Image: Citation impact vs. originality, for 55 of my own publications. See text for explanation.
Warning: a bit cynical.
Last week I filled out a grad-school recommendation form for a terrific undergraduate student. Among other things, it asked me to rate her “originality”. That got me thinking.
We tell each other often that we admire scientists who are original thinkers. Originality is often an explicit criterion in manuscript assessment, in tenure assessment, even at science fairs. The related idea of “novelty” is a major criterion in many (if not most) grant applications. Herman Melville might almost have been speaking for scientists when he said “It is better to fail in originality than to succeed in imitation*”.
So we praise originality. But do we value it? I’m skeptical. Science is a machine for discovering new things, and that seems intrinsically linked to originality – but as practiced, science often seems deeply conservative. This isn’t a new insight; it’s a big part of Thomas Kuhn’s model of scientific progress. But it occurred to me that I had at my fingertips an interesting way to assess how we actually value originality: the citation impact of my own scientific papers. So I asked myself this question: are my most original papers also my most highly cited? (I’m assuming here that citations are a plausible measure of how a field values a paper. I’ll return to that assumption later.)
Quantifying citations is pretty easy. I started with citation data from my Google Scholar profile, with a few minor edits**. I regressed citation counts against years since publication, since older papers will inevitably have accumulated more citations. The residuals from this regression are a measure of citation impact: a heavily cited paper will have a positive residual, and a poorly cited paper will have a negative one. (This, by the way, is the same methodology I used to identify my most overcited and most undercited papers, but I’ve updated the data.) I treated “empirical” papers (including observational, experimental, and theoretical work) separately from review papers throughout, as their citation impacts are quite different.
Quantifying originality is not quite as easy. In an effort to limit the amount of procrastination involved in writing this post, I ranked my papers on an originality scale from 1 to 11, subjectively but as fairly as I could***. A “1” is an utterly pedestrian paper, asking a familiar question and interpreting the data in familiar ways; perhaps it involves work in a different place or system from other studies, but it doesn’t break new intellectual ground. An “11”, in contrast, asks a question nobody has asked before, or interprets data in a qualitatively different way from the previous literature. (I’m most proud of my “11” papers, but I have a lot more “1” papers.)
Next I regressed citation impact on originality score.

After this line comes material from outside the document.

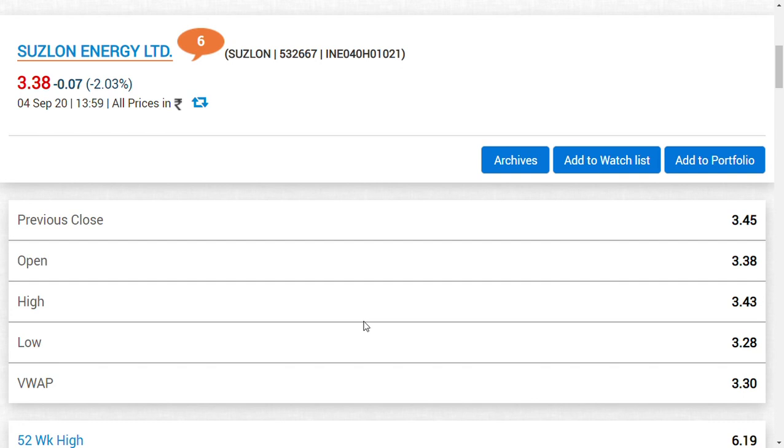We can only predict the market, but we cannot correct or defend the market, and that is the main point. For Suzlon Energy, I believe in this quarter they turn EBITDA positive after a long term. Why the result did not surprise investors—maybe it is slowing down a bit.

If we value originality, citation impact should increase with originality. It doesn’t:There is absolutely no hint here that we value originality! If anything, it’s the reverse: although neither slope is significant, both are negative. (Combining the two datasets makes the relationship nearly significant, P = 0.052, although I’m a bit worried about apples and oranges.) My more original papers are cited less. The data are noisy, which isn’t a surprise – I haven’t tried to take out differences in journal profile, narrow vs. broad questions, theory vs. experiment, and so on.
I’m not surprised by this result, because it reinforces my preconceptions: that it’s easy to publish unsurprising, standard-approach work, and hard to publish anything outside the box****. I realize this sounds like sour grapes (more about that soon), but I think it’s more than that. When you do something really original, it doesn’t fit with prior art in the field, and there isn’t a tidy way for people to cite it – even if they want to, and they may well not want to. Every field has a set of accepted ways to ask accepted questions. Papers that fit the mould slide through peer review and fit nicely into the citation lists of all the other papers asking the same accepted questions. Take stream ecology, for example – there must be a bajillion papers putting leaves into litterbags and comparing decomposition rates among leaf species, water temperatures, flow rates, and so on. (One of that bajillion is mine). Or in plant ecology, there are a bajillion papers exposing seeds or seedlings to some kind of stress and measuring germination and growth (a couple of this bajillion are mine, too). You’ll have your own favourite examples.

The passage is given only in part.